Sorry in advance for the length of this post…I’ve made some interesting discoveries!

Ancestor: My paternal 2nd-great-grandmother (Mary M. Ammerman)


  1. I knew very little about Mary M. Ammerman. I hope to learn more when I visit Sullivan County, Indiana, in late April. She was born in April 1838 in Illinois (per the 1900 census). This weekly fact-finding project, though, has helped me knock down a brick wall and learn a lot more about the Ammermans.
  2. I have found her parents, William and Elizabeth {-unk-} Ammerman. My clues included her father being born in New York and her mother being born in Pennsylvania. On the 1840 census, I found William living in Tippecanoe County, Indiana, with a daughter of Mary’s age, so I decided to follow him forward on the censuses. I have been unable to find them on the 1850 census (have done page by page searches of the township in Tippecanoe County and the township in Sullivan County where they lived, no luck). On the 1860 and 1870 censuses, however, I found William (born in NY) and Elizabeth (born in PA) living in Sullivan County, Indiana, with children George, Theresa, and Ephraim.
  3. I have Mary on the following censuses: 1840 (only as a female under age 5), 1860 (married to Lyman and living in Terre Haute, IN), 1870 (married to ‘Wyman’ and living in Sullivan County, IN, lists birthplace as Indiana), 1880 (married to Lyman and living in Sullivan County, IN), 1900 (widowed and living in Sullivan County, IN, with her son Joseph), and 1910 (living alone in Sullivan County, IN). She is listed as being born in Illinois (on the 1860, 1880, 1900, and 1910 censuses), so right now I’m accepting that as fact. The Ammermans must’ve migrated from the eastern states and made it to Illinois where Mary was born but then came back to Indiana.
  4. Mary bore 10 children with 7 surviving. She is buried next to Lyman in Bethel Cemetery in Hymera, IN, along with their 3 young children who didn’t survive (Lyman C., Edna, and Alice Ann). Also buried in Bethel Cemetery? William and Elizabeth Ammerman.
  5. I knew the Sullivan County Public Library website had some genealogy info online so I did a search there. I found further evidence of a connection between the Ammermans and Fords. I found the will and inventory for William Ammerman; he named as his administrator Lyman S. Ford, Mary’s husband. image
  6. I was curious about the other children enumerated on the 1840 census, 2 girls under age 5 and 2 girls ages 5-9, plus William and Elizabeth. Since Mary married in 1855 in Sullivan County, IN, I started there, searching for female Ammermans married in the 1850s.

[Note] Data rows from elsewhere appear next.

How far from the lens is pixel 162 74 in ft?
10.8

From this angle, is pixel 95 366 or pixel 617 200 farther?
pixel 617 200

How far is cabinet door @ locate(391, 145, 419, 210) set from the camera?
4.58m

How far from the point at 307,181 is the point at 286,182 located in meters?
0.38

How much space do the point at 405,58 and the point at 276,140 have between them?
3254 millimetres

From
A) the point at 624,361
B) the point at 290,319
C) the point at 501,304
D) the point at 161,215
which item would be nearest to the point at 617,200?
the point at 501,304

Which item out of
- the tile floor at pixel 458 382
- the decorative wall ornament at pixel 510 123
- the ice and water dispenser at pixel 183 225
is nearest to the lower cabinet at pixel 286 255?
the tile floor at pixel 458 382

Bingo! I found two plus her younger sister, Theresa. One sister, Sarah (b: 1835), was older than Mary, and the other sister, Nancy (b: 1840), was younger. I have not yet found any evidence of another older sister, but there was a cholera epidemic in Tippecanoe County that claimed a number of lives. What was interesting was the note made that Sarah was born in Canada and Nancy in Indiana! I followed them forward on the censuses just like I did their father. I used their married names and found naming patterns that matched others in the Ammerman family. Also, on the 1900 census, Sarah is living one door away from Mary. The birth of Sarah in Canada is quite the mystery. I’d like to find something about the marriage of William to Elizabeth, not sure if it was in NY, PA, or now Canada is thrown into the mix!
  7. FindAGrave.com is a great place for finding information to boost your research. I did a search there for Mary’s sister Nancy and found her buried in Parke County, Indiana. One of her descendants posted a picture of Nancy!